*WORKING DATA*.

——

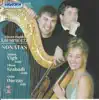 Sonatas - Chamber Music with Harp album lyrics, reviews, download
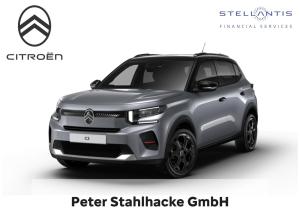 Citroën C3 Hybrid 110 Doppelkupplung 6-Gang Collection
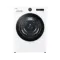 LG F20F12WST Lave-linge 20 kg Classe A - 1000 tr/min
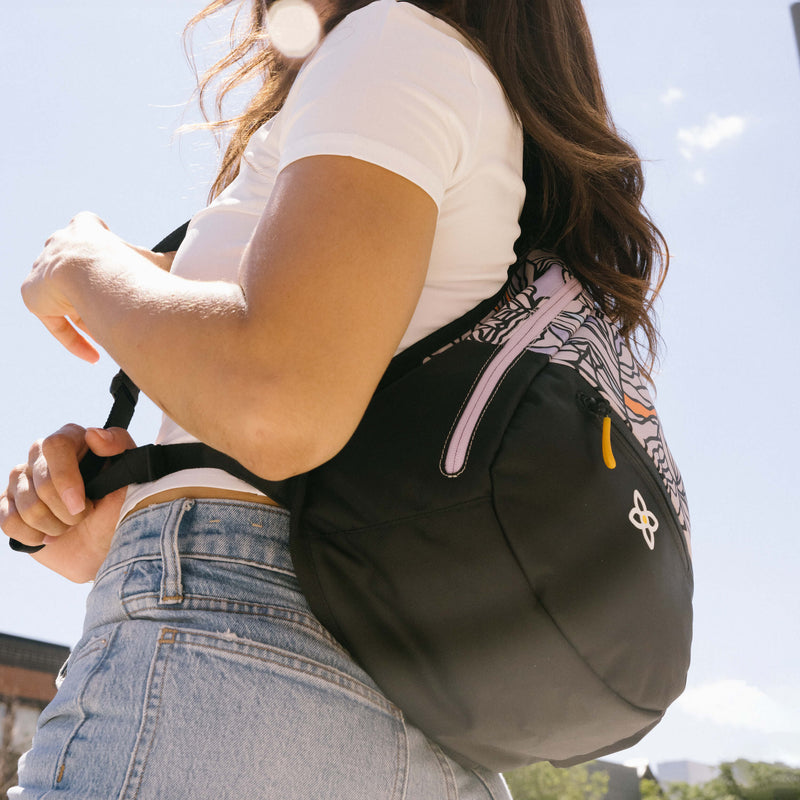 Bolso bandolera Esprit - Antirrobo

——

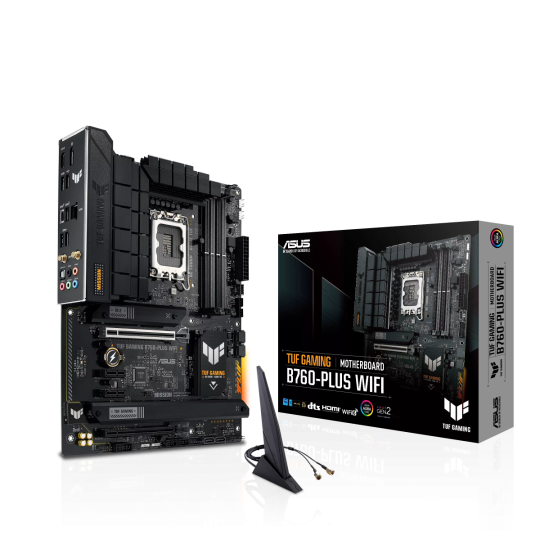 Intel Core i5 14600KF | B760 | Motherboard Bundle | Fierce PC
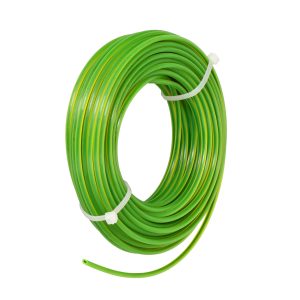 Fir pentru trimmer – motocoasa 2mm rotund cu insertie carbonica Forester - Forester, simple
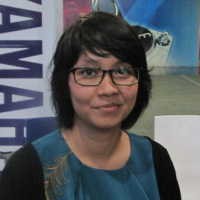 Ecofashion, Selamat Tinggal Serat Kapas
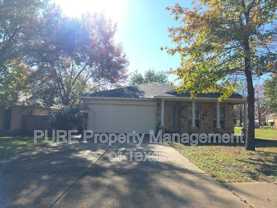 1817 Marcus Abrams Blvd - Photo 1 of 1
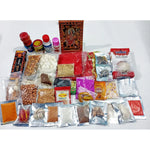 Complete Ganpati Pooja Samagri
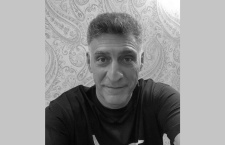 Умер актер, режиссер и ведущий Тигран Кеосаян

——

Print, exactly and with no pictures, the lines of the listing above starting at the one that has "Ecofashion, Selamat Tinggal Serat Kapas" and ending at the one that has "Умер актер, режиссер", both included.

*ANSWER TO THIS TASK*.
 Ecofashion, Selamat Tinggal Serat Kapas
 1817 Marcus Abrams Blvd - Photo 1 of 1
 Complete Ganpati Pooja Samagri
 Умер актер, режиссер и ведущий Тигран Кеосаян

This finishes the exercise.